## WHAT IS BEING ASKED
Identify all lines of the data containing the string "button" and copy them.

## TASK MATERIAL
====

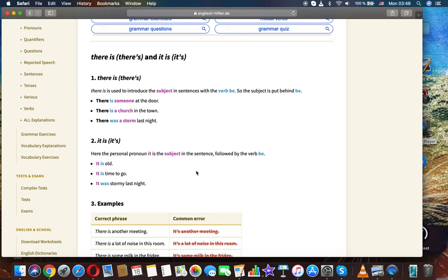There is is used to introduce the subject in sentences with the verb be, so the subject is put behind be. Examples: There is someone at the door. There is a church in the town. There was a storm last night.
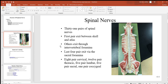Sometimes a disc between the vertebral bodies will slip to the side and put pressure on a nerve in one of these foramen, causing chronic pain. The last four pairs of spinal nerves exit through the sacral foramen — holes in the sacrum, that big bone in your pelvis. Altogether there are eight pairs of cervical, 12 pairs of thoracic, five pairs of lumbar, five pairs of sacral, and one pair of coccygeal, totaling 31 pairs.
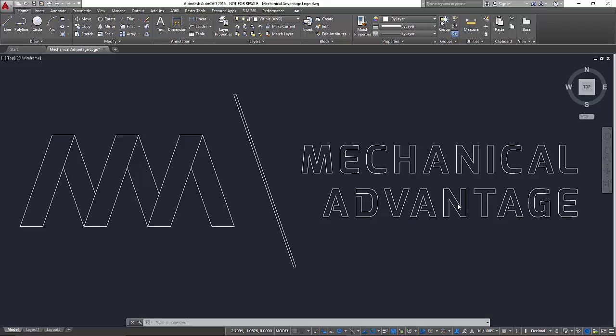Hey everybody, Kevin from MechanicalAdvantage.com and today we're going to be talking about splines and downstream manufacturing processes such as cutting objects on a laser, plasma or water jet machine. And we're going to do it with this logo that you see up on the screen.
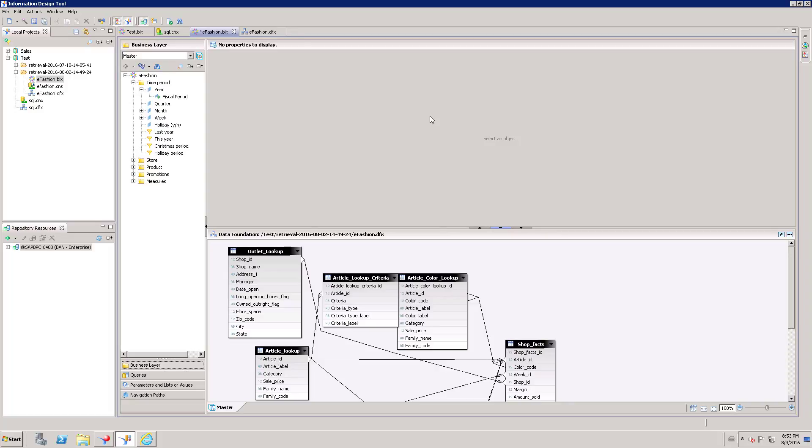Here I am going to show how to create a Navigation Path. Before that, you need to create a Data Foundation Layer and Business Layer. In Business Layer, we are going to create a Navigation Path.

====

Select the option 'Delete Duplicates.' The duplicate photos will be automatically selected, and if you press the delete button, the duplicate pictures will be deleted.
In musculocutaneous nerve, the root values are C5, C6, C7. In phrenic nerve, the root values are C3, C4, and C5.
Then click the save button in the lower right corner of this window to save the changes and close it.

====

## YOUR SOLUTION
Select the option 'Delete Duplicates.' The duplicate photos will be automatically selected, and if you press the delete button, the duplicate pictures will be deleted.
Then click the save button in the lower right corner of this window to save the changes and close it.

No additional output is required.